Luciana Marques Coutinho é procuradora do Trabalho no MPT-MG
O mês de julho marca a aprovação da Lei Afonso Arinos, em 1951, a primeira norma legal brasileira a tratar a discriminação racial como crime. Não é um mês de festividades. O objetivo é renovar a luta contra o preconceito e a discriminação. Estamos ainda muito distantes de uma sociedade fraterna, justa e igualitária, sem racismo.
A publicação “Desigualdades Sociais por Cor ou Raça no Brasil”, do IBGE, de 2022, mostra profunda disparidade nas condições socioeconômicas entre brancos, pretos e pardos no Brasil. Em 2021, 18,6% da população branca estava abaixo da linha da pobreza (recebendo até U$ 5,50/dia), enquanto 34,5% dos pretos e 38,4% dos pardos estavam na mesma situação. O rendimento médio real habitual do trabalho principal dos brancos era de R$ 3.013/mês, contra R$ 1.764/mês dos negros e R$ 1.814/mês dos pardos.
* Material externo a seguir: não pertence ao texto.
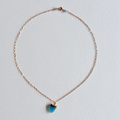gold necklace with a turquoise pendant on a light gray background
No mesmo ano, apenas 29,5% das posições ocupadas por pretos ou pardos eram de cargos gerenciais, contra 69% dos brancos. Apenas 19% dos pretos ou pardos eram proprietários de grandes estabelecimentos agropecuários (mais de 10 mil habitantes), sendo que 79,1% eram brancos.
Dados do Atlas da Violência de 2025, analisando as taxas de homicídios de pessoas negras e não negras entre os anos de 2013 e 2023, demonstram quadro de extrema desigualdade racial também na violência letal no Brasil. A apuração revela que uma pessoa negra, em 2023, tinha 2,7 vezes mais chances de ser vítima de homicídio do que uma pessoa não negra. Em dez anos, essa proporção aumentou 15,6%, comprovando que a violência letal contra pessoas negras vem se intensificando.
Segundo dados do Ministério dos Direitos Humanos e da Cidadania divulgados em 2024, o Disque 100 registrou, em 2023, 3.100 denúncias de racismo e injúria racial, o que representa um aumento considerável de denúncias em relação ao ano anterior: 1.800 denúncias.
O panorama de persistência da desigualdade e do racismo também é percebido em notícias constantes e assustadoras de discriminação, violência quase sempre praticada sem reprimenda. O sistema de garantia de direitos falha e não ampara as vítimas.
Desde 2003, por força da Lei 10.639, é obrigatório o ensino da história e da cultura afro-brasileira nos estabelecimentos de ensino fundamental e médio. Em 2008, a Lei 11.645 determinou também a mesma obrigatoriedade quanto aos povos indígenas. Essas normativas foram aprovadas após muita luta dos movimentos sociais e são essenciais no combate ao racismo estrutural.
Embora sejam fundamentais, as normativas ainda não são integralmente cumpridas. Em 2023, o Geledés – Instituto da Mulher Negra e o Instituto Alana publicaram estudo sobre a Lei 10.639/2003, apurando que 71% das escolas pesquisadas, da rede municipal de ensino, não estariam adotando ações para a implementação da norma.
A situação revelada na pesquisa mostra baixa adesão à legislação pelas escolas municipais, mas a situação é ainda pior nas escolas estaduais e nos estabelecimentos particulares, que parecem mais opacos na transparência sobre suas práticas e resistentes ao cumprimento da lei, obrigatória para toda a rede de educação brasileira.
Neste cenário, ações desenvolvidas para fomentar a observância da Lei 10.639/2003 são alentadoras. Uma dessas iniciativas é o projeto Reverbera – Culturas Afro-Brasileiras, Africanas e Indígenas nas Escolas, que será desenvolvido em 2025 pela Agência de Iniciativas Cidadãs (AIC), em parceria com o Ministério Público do Trabalho de Minas Gerais e outras organizações do setor público e da sociedade civil. O projeto prevê, dentre outras atividades, uma premiação a propostas educacionais das redes públicas de ensino em Belo Horizonte que dialoguem diretamente com o ensino da história afro-brasileira e indígena.
Que venham visibilidade, impulsionamento e apoio, inclusive financeiro do Estado brasileiro e dos estabelecimentos particulares de educação, para reverberar, com a profundidade e a ressonância necessárias, uma educação antirracista em todas as esferas e segmentos educacionais do país!